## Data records

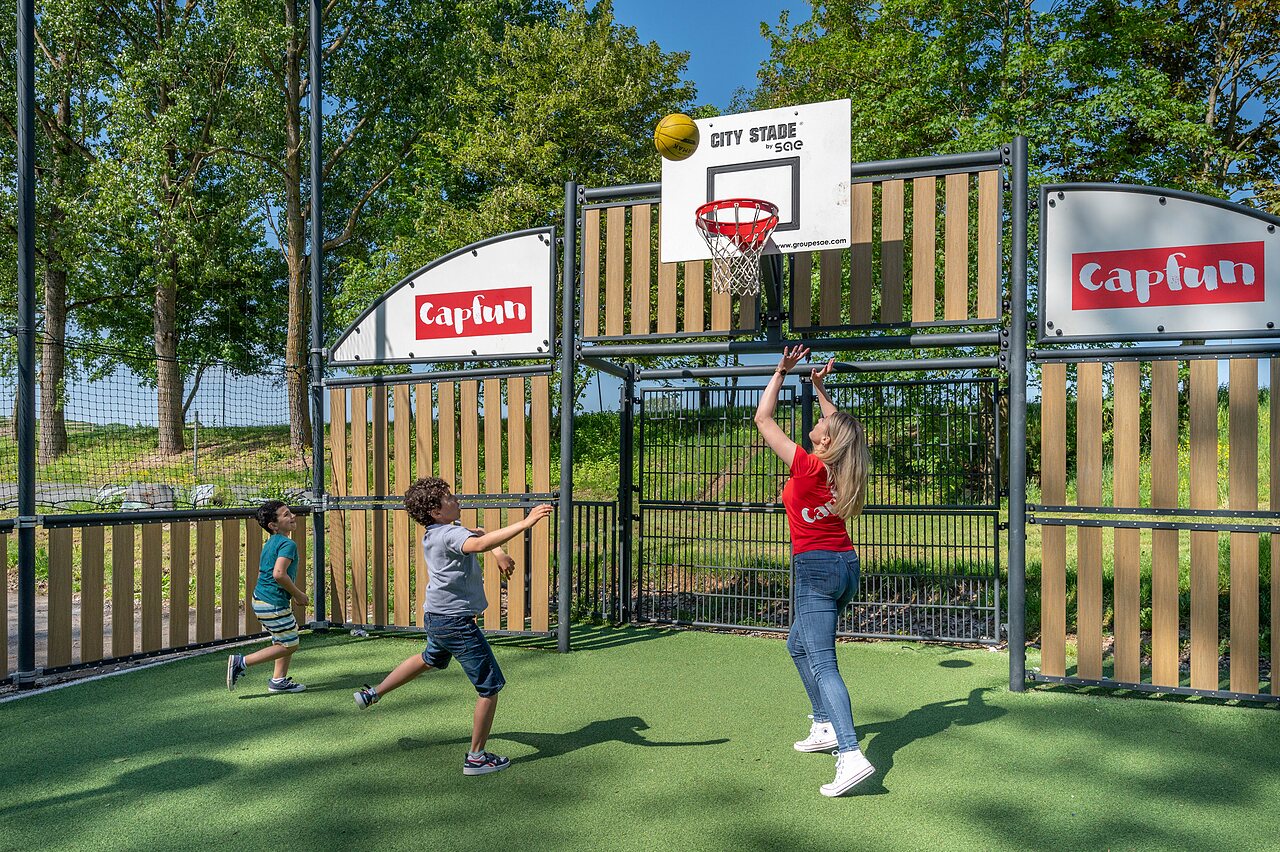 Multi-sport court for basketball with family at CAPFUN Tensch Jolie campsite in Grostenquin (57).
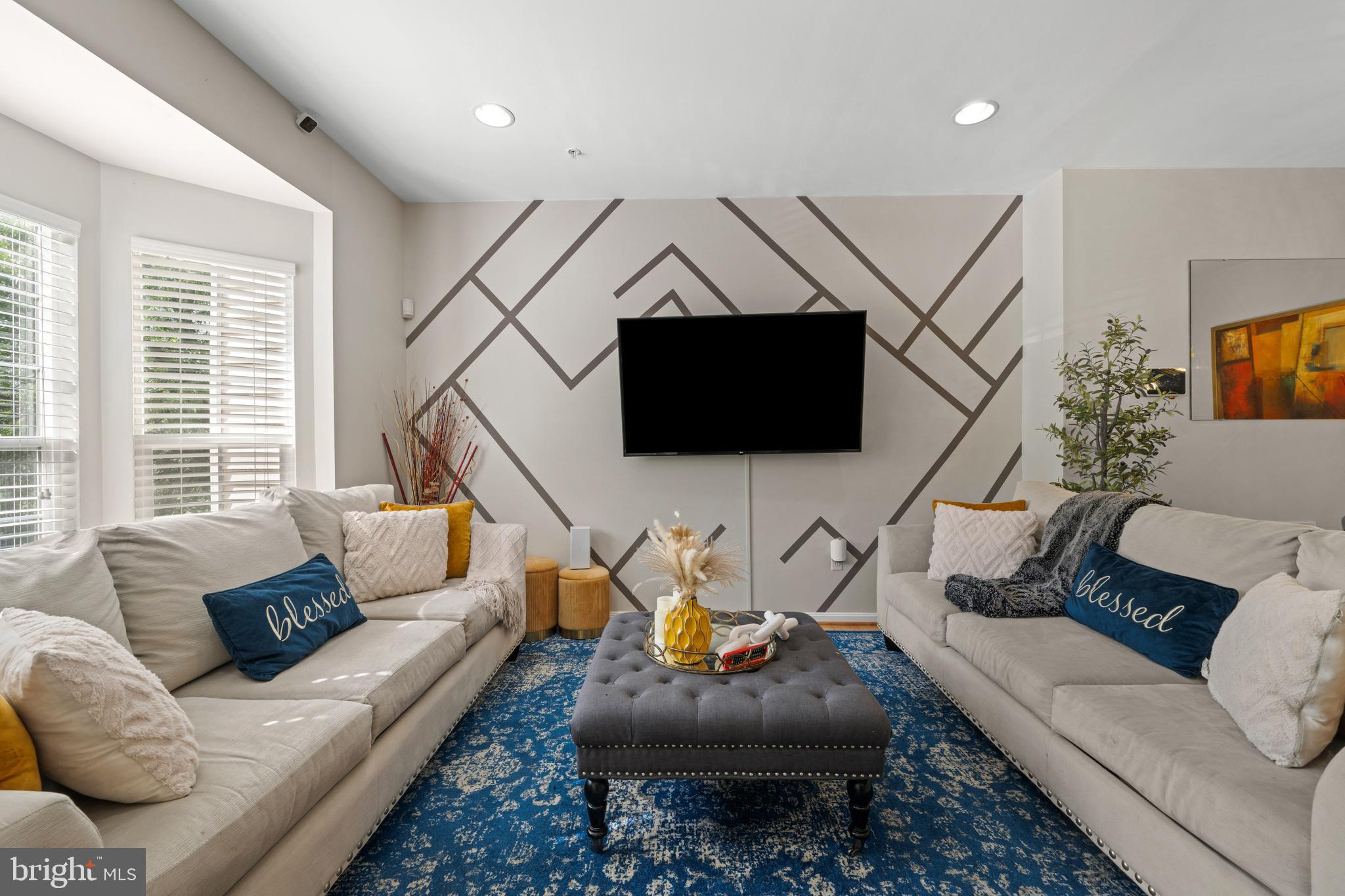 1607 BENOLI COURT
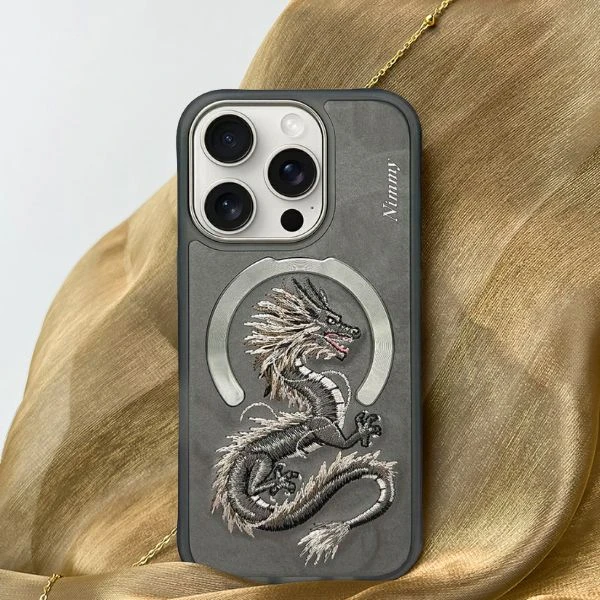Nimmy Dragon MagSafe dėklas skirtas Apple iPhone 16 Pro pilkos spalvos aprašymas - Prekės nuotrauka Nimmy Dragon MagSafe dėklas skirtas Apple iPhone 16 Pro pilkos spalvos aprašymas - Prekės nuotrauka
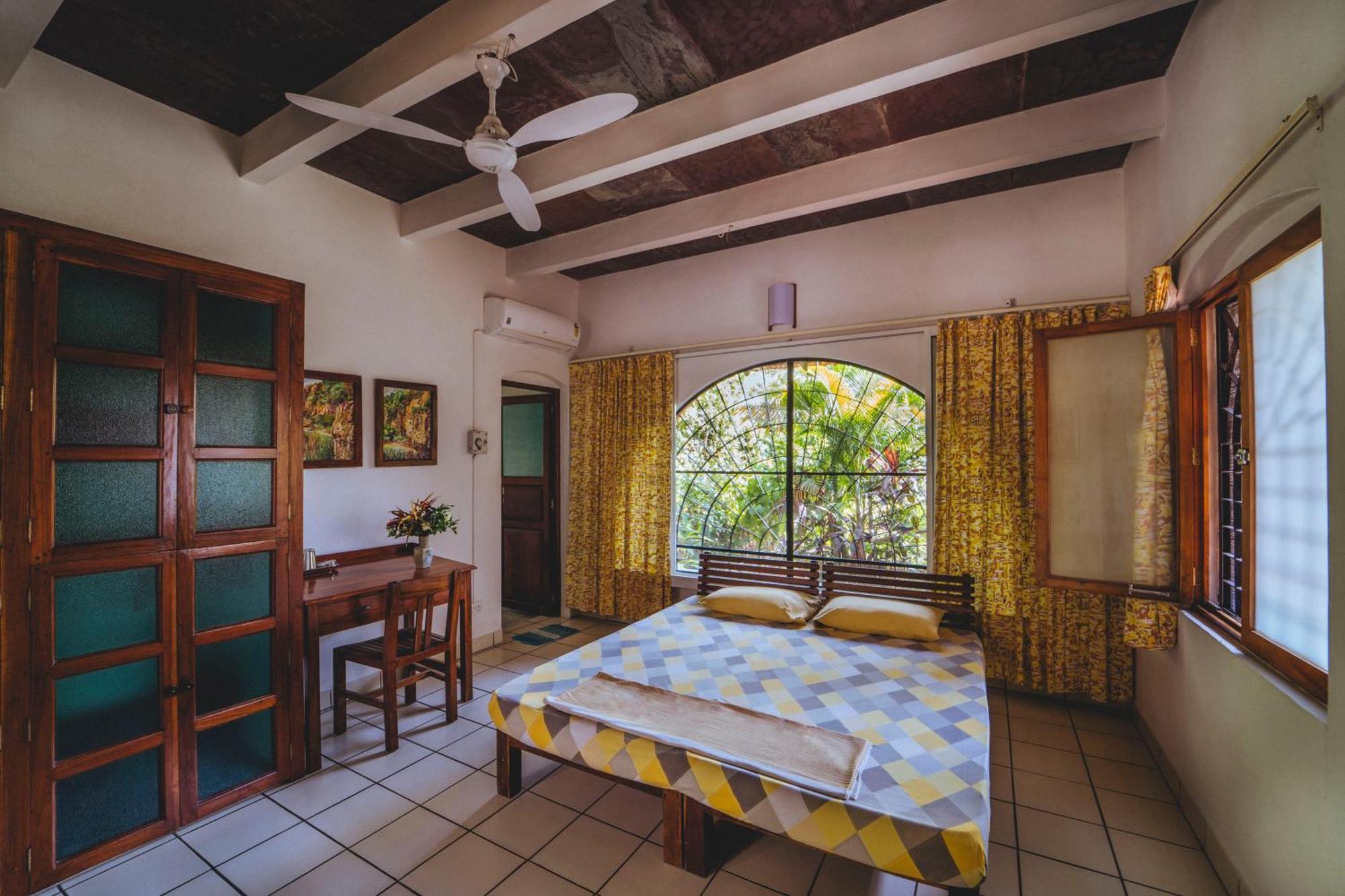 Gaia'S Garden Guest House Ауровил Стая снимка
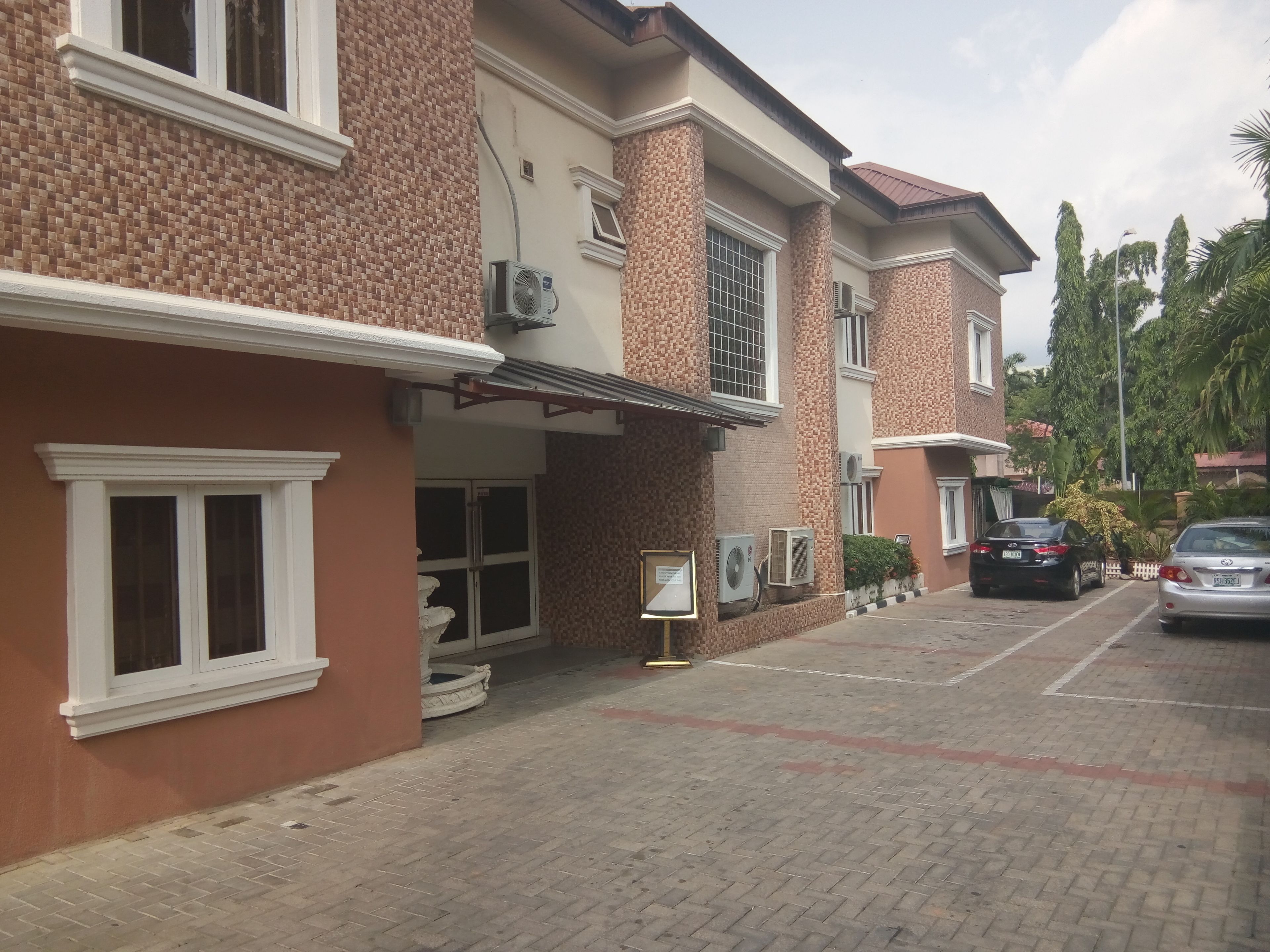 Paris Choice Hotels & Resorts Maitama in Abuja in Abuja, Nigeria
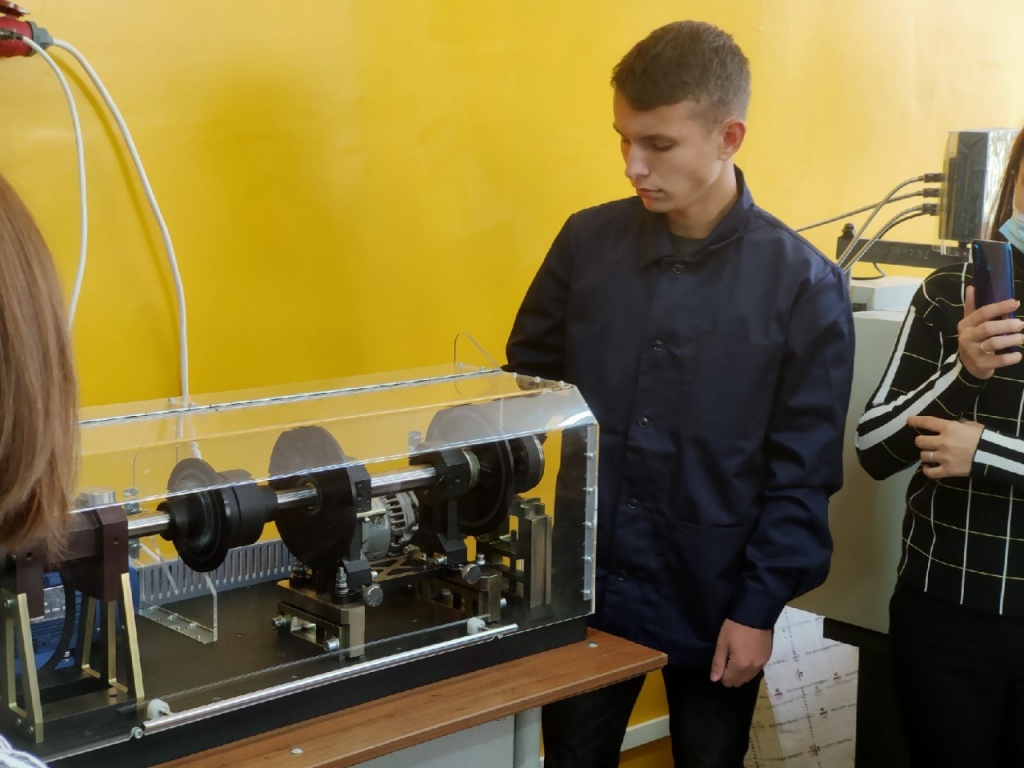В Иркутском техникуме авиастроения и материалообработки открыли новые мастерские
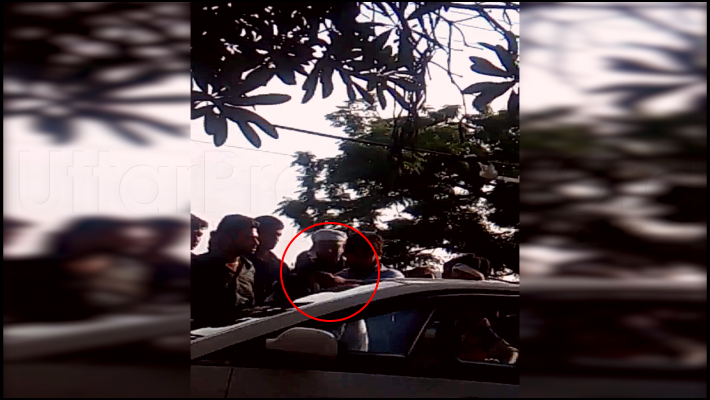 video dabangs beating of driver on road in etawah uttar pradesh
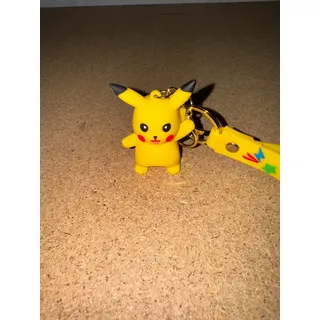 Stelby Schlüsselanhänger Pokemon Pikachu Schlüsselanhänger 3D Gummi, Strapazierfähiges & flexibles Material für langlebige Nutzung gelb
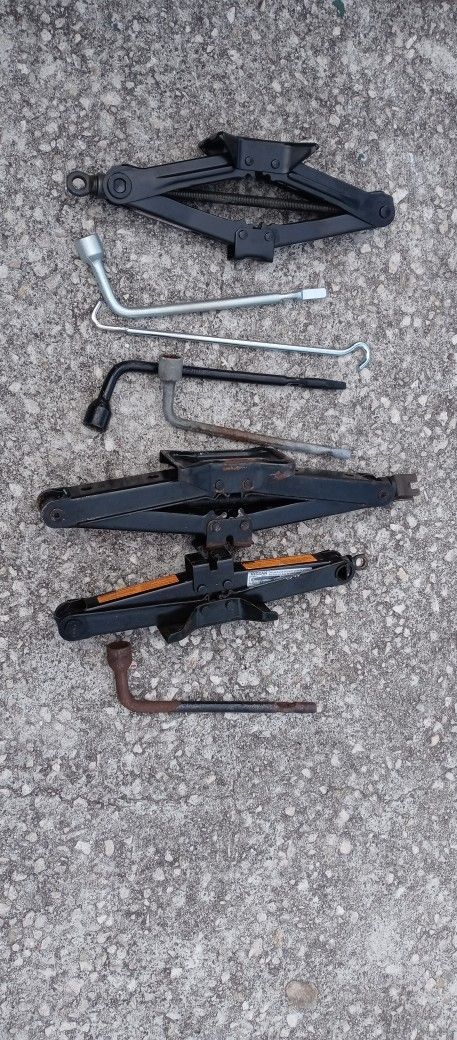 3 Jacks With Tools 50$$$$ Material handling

## Work order
Word for word, restate the lines above from the one with "Paris Choice Hotels" through the one with "video dabangs beating", keeping both ends and dropping the pictures.

## Response to the task
 Paris Choice Hotels & Resorts Maitama in Abuja in Abuja, Nigeria
В Иркутском техникуме авиастроения и материалообработки открыли новые мастерские
 video dabangs beating of driver on road in etawah uttar pradesh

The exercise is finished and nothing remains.